Tim Burton had his first big box-office success in 1985 with Pee-wee’s Big Adventure and was toiling on Batman when he suddenly became disillusioned with the Hollywood formula. When the script for Beetlejuice came into his hands, Burton said “It was the exact opposite of everything I had gotten”, and fell in love with this macabre concept. After extensive retooling of that initial story, a horror comedy was born that became a signature piece for the director and an influential film for generations of moviegoers and moviemakers alike.
Despite being the titular character, Beetlejuice appears on-screen for less than 20 minutes. Michael Keaton proved he was “The Ghost With The Most” by being the sleaziest, grubbiest, and crustiest spook with that scant screentime. Keaton initially turned down the role, confused by the character, but Burton’s passion excited him enough to keep the project into consideration. After several face-to-face meetings, Keaton began to latch onto the idea, working with the SFX team to create the characters' hair, makeup, and wardrobe. Suddenly, it clicked into place and Keaton deciphered who this bizarre bio-exorcist was! The majority of his lines were ad-libbed, making it the performance of a lifetime - or maybe an afterlife.
Keaton wasn’t the only actor hesitant to join the cast, but once everything aligned, movie magic happened. Geena Davis and Alec Baldwin were each stars on the rise, and Jeffrey Jones and Catherine O’Hara were already notable character actors, but Winona Ryder was a relative newcomer. Lydia in Beetlejuice was Ryder’s first big break, and one of the first mainstream movie characters to sport a look that we’d now call “goth.” Between this and Heathers, 1988 proved to be the year of Winona Ryder.
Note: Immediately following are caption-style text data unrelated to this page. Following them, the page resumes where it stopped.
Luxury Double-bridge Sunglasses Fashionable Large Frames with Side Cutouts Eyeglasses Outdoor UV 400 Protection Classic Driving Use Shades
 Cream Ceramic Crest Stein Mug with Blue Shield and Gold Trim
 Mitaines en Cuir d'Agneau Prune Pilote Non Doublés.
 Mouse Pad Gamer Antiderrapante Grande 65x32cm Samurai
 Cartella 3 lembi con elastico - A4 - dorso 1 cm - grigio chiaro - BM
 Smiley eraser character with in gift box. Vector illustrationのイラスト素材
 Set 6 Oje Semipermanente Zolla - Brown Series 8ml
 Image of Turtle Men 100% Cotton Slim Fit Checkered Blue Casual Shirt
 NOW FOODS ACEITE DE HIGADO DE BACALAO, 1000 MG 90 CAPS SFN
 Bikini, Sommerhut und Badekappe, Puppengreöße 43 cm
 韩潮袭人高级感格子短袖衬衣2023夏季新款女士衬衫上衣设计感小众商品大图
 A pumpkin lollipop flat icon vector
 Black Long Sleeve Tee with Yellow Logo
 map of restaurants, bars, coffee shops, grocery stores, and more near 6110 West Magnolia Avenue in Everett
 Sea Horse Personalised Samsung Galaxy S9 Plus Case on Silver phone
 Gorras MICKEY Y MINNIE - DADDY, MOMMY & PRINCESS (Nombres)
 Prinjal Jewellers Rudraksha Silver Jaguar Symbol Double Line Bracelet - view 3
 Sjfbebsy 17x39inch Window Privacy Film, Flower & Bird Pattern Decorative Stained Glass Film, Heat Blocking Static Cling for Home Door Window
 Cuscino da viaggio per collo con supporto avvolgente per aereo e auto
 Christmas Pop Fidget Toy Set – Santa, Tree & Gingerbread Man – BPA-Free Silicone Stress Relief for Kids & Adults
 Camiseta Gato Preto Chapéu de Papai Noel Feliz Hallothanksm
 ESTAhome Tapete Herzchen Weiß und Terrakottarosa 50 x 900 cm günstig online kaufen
Burton’s penchant for the odd and eerie was not completely known yet, but Beetlejuice was the first major glimpse into the darker parts of his mind. From the pinstripes on Beetlejuice’s infamous suit and the frightening carnival imagery to the simultaneously grotesque and hilarious monster makeup on Davis and Baldwin, the limits of Burton’s imagination were stretched as far as his production budget allowed. None of that would have mattered if not for Danny Elfman’s score, a composer so in synch, with Burton, you’d think they were separated at birth, possibly from parents who worked in the circus. The opening theme remains one of the best movie songs ever made in the ‘80s! How could a song be this ominous and cheery at the same time?
Despite the outlandish horror-comedy elements, the stakes of Beetlejuice are less supernatural than you might remember. If you navigate past the undead, the story is more grounded than Beetlejuice’s casket. The Maitlands were a married couple unable to have kids of their own – made more complicated by dying. Through Lydia, the pair find a second life as surrogate parents in their nuclear family with the Deetzs. It may not be the most fully explored metaphor, but in a movie filled with sandworms and the paranormal, a little realism goes a long way – even as far as six feet under.
35 years later, a sequel is nearing production, with Keaton and Ryder reportedly on board, and rumors swirling about Jenna Ortega joining as Lydia’s daughter. Burton has tried for some time to get this one out of the ground, but with no success. A second film was proposed in 1990 that would have seen Beetlejuice surf-battling the ghost of an ancient Hawaiian Chief. That film never caught on, but if we see Beetlejuice hanging ten in the new movie, you’ll know where the idea came from.
Even without a sequel, the legacy of Beetlejuice lives on in the 1990s animated series, multiple toy and merchandise lines spanning the decades, and even a hit Broadway musical (that is legitimately excellent!). Only Tim Burton could make a family movie out of the whole being dead thing*, a rotten rip-roaring trip through the afterlife and back that stays fresh no matter how many times you watch it.
Beetlejuice is currently streaming on HBO Max, or you can rent it on Amazon.